The upheaval of exile seems to have sparked a deep need in Allende for romance and sex. Tiring of her saintly husband, she had several affairs and fell in love with a dashing Argentinian. He had the wrong star-sign, so she returned to her (irritatingly) forgiving husband and stayed another nine years. During this time, she temporarily revived his business fortunes with Amerindian magical spells. The money from her first novels enabled her to leave him finally when he was again down on his luck; she does not defend her actions. After several more love affairs, a one-night stand with a twice-divorced and heavily tattooed Californian improbably blossomed into her current blissfully happy marriage. But for a skull on one arm, Allende's husband has had all the tattoos removed, which, apparently, supports her theory about the power of love.

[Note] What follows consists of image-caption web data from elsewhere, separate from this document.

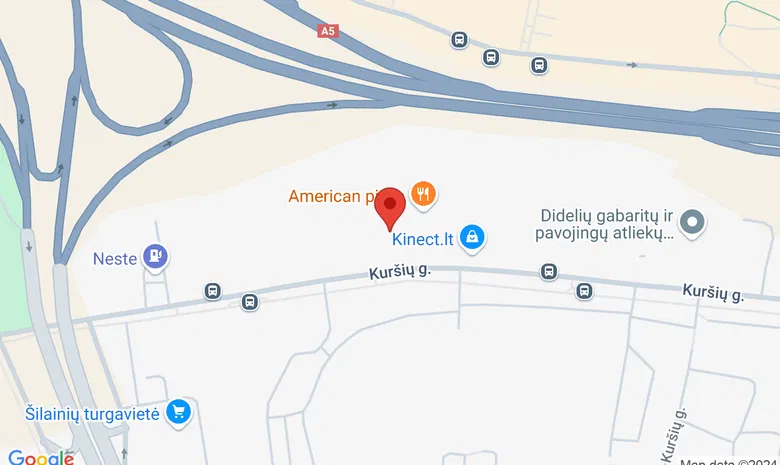 Sushi Tėvynė (Kuršių g.7, Šilainiai, Kaunas) žemėlapis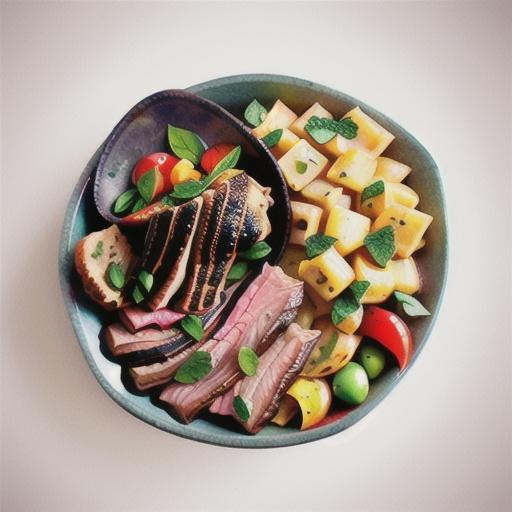 Pepper & coriander crusted beef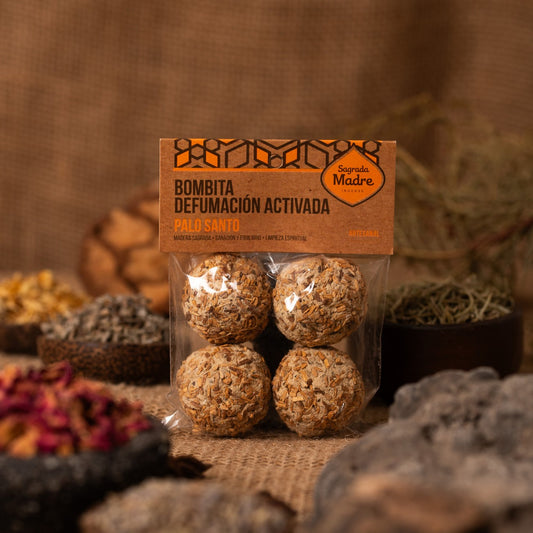 Bombita Defumación Activada Palo Santo Bolsa x4 Unidades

Paula never recovered from her illness. She died in California in late 1992, after months of coma, a harrowing ordeal described here in unforgettable detail.

The personal qualities which make Paula a moving and attractive book—defenceless optimism ("I never, ever imagined that the blow would fall on one of my children"), effusive generosity, an enormous, even disruptive, capacity for love, a rage for fairness, a winsome credulousness and beguiling if wearying self-absorption—are not always effective qualities in Allende's novels. At worst, her fiction is sentimental and escapist. There are too many shadowy ghosts lurking in the wings; too much significant dreaming, fated encountering, horoscopy and clairvoyancy. Love scores too many easy goals; too many sighing heroines find meaning in the arms of left-wing hunks, too many scoundrels have hearts of gold.

But the formula obviously works for millions of readers, and this book suggests that the secret may be the likeable, unaffected, kindly, slightly dotty personality which glows through in Allende's novels. And, her books are, in fact, a real force for good. She, more than anyone else, has brought the attention of readers throughout the world to the evil of right-wing Latin-American dictatorships, particularly the sadism and mediocrity of Pinochet's restoration of "Christian civilization". Faith in the redemptive power of romance, as portrayed in her novels, may not be fashionable or sophisticated, but it is hardly the worst intellectual sin a person can commit.